Wait, isn’t user engagement more of a consumer metric? It is, but it is equally as important to focus on this metric in the enterprise. No matter what business you are in, you need to ensure that your ultimate customer (the end user) is happy and absolutely loves using your product. I have seen countless situations where a startup extracts initial dollars top-down from an enterprise but ultimately cannot get traction because the end users don’t love the product. Without love of product there is no user engagement, and without user engagement, there is no long-term customer.

This is especially important in the age of SaaS as switching costs are quite low for substitute solutions. This is also the reason why next to VP of Sales, I would argue a VP of Customer Happiness/Success is a crucial hire. One is for generating new revenue and the other is for expanding existing customers and reducing churn. It is also why a number of companies have been created to help understand and monitor user engagement in the enterprise to proactively determine issues before they happen (totango, gainsight, and preact — full disclosure, my fund is an investor)

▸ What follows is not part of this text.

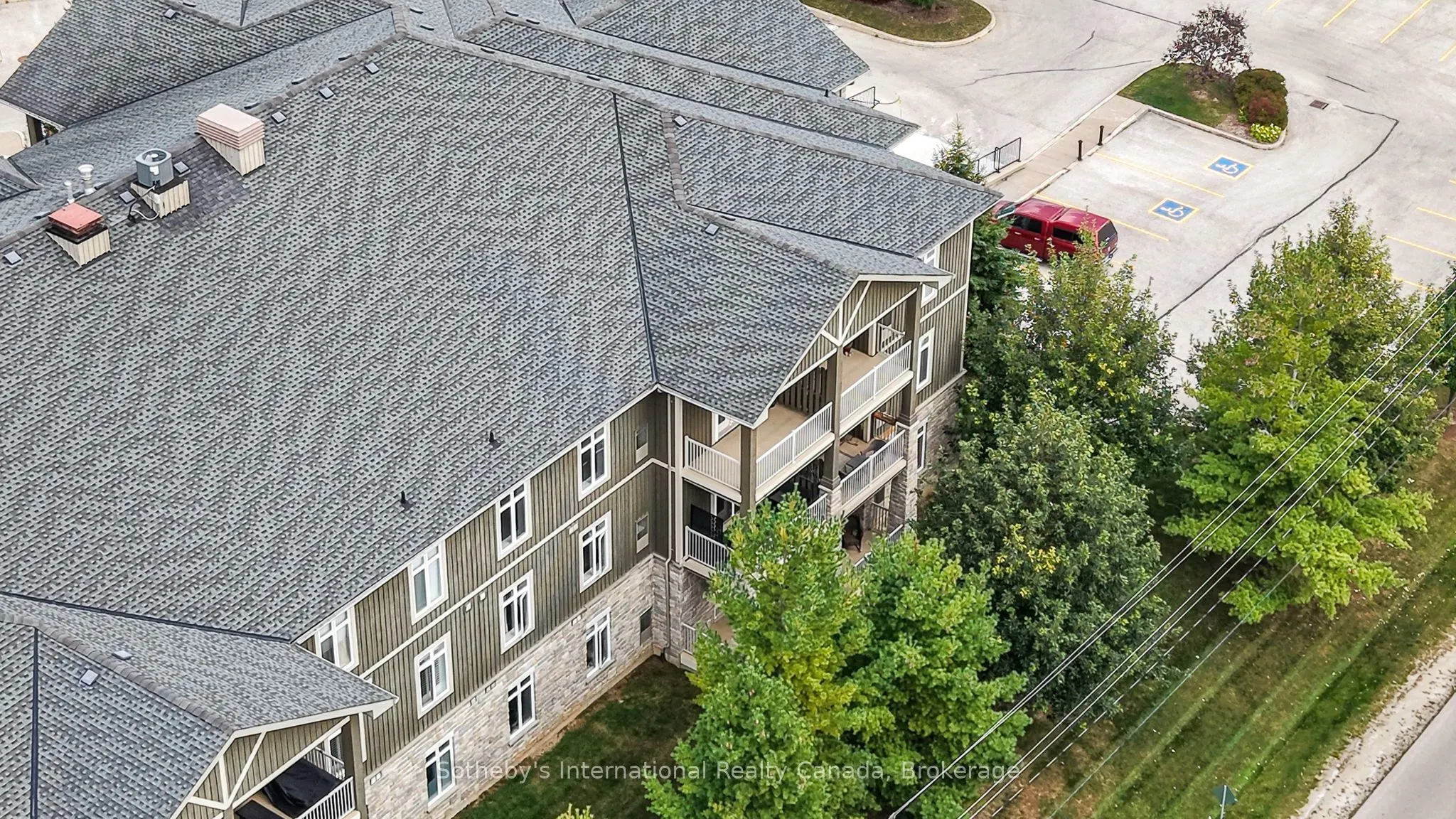 25 Beaver Street S #307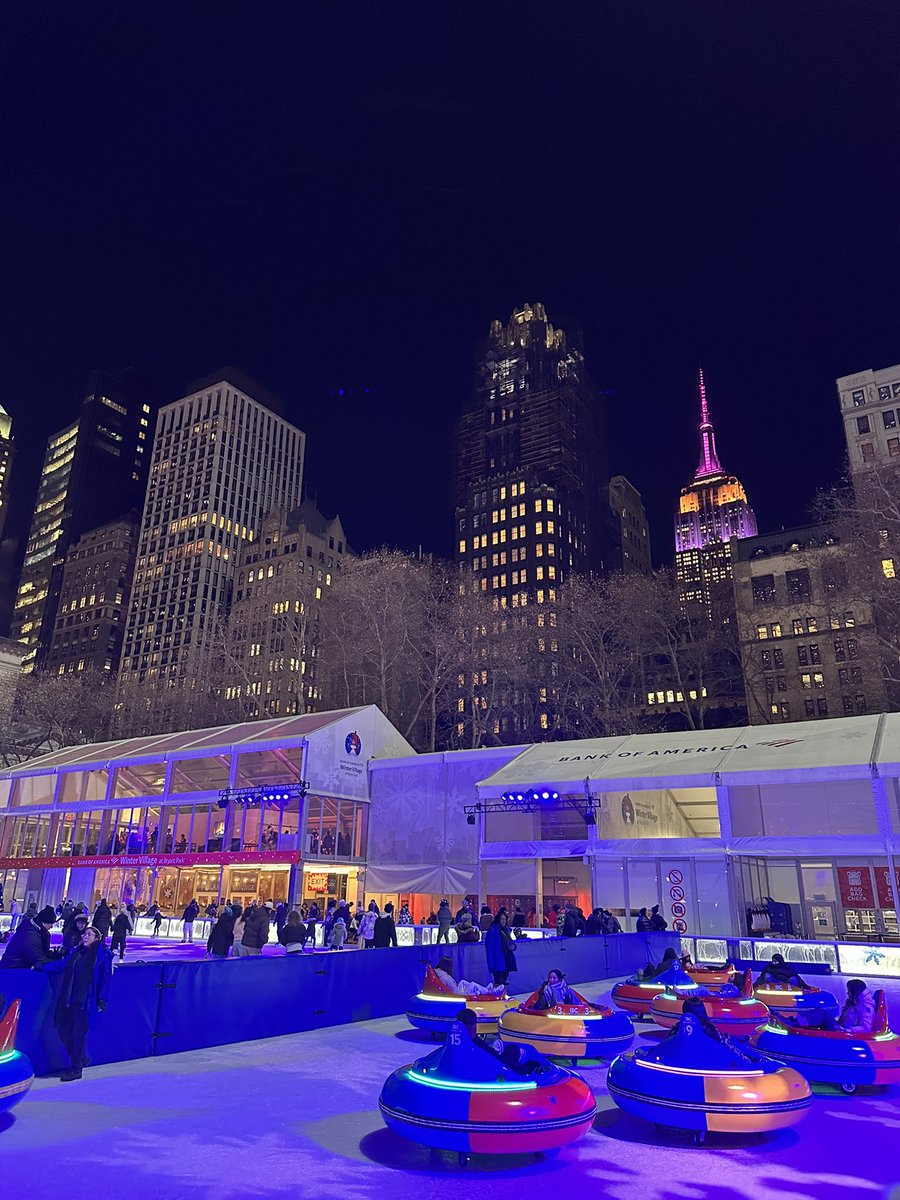 bryantparknyc's tweet photo. The skyline understood the assignment 🕺🪩✨.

What is user engagement in the enterprise? When understanding initial customer traction, we like to understand how a product/solution can/will become a daily habit for the user. It is pretty clear that the more an end user interacts with the product the more important it becomes and ultimately the more value it provides. Another important metric to optimize for would be expansion of users within an existing account. In other words, how do you sell into one user and create viral loops (sharing dashboards, etc) and expand the active user base for the product. Once again, this sounds like a consumer metric but quite an important one —the more people that use it the more it becomes part of the ingrained workflow creating more value.

The challenge sometimes is that many enterprise tech companies are designed to work in the background, invisibly to automate tasks or aggregate data to reduce noise. If your tech is seamlessly analyzing data in the background, you need to find ways to show the user how awesome your product is by either sending alerts or creating some other eye candy to remind the user that your product is working and important. I have seen a few of our portfolio companies implement some simple changes regarding this and see their usage increase significantly.

So to recap, revenue matters but the path starts with optimizing for the end user in the enterprise and focusing on engagement. Once you create happy end users who love your product, the revenue will follow.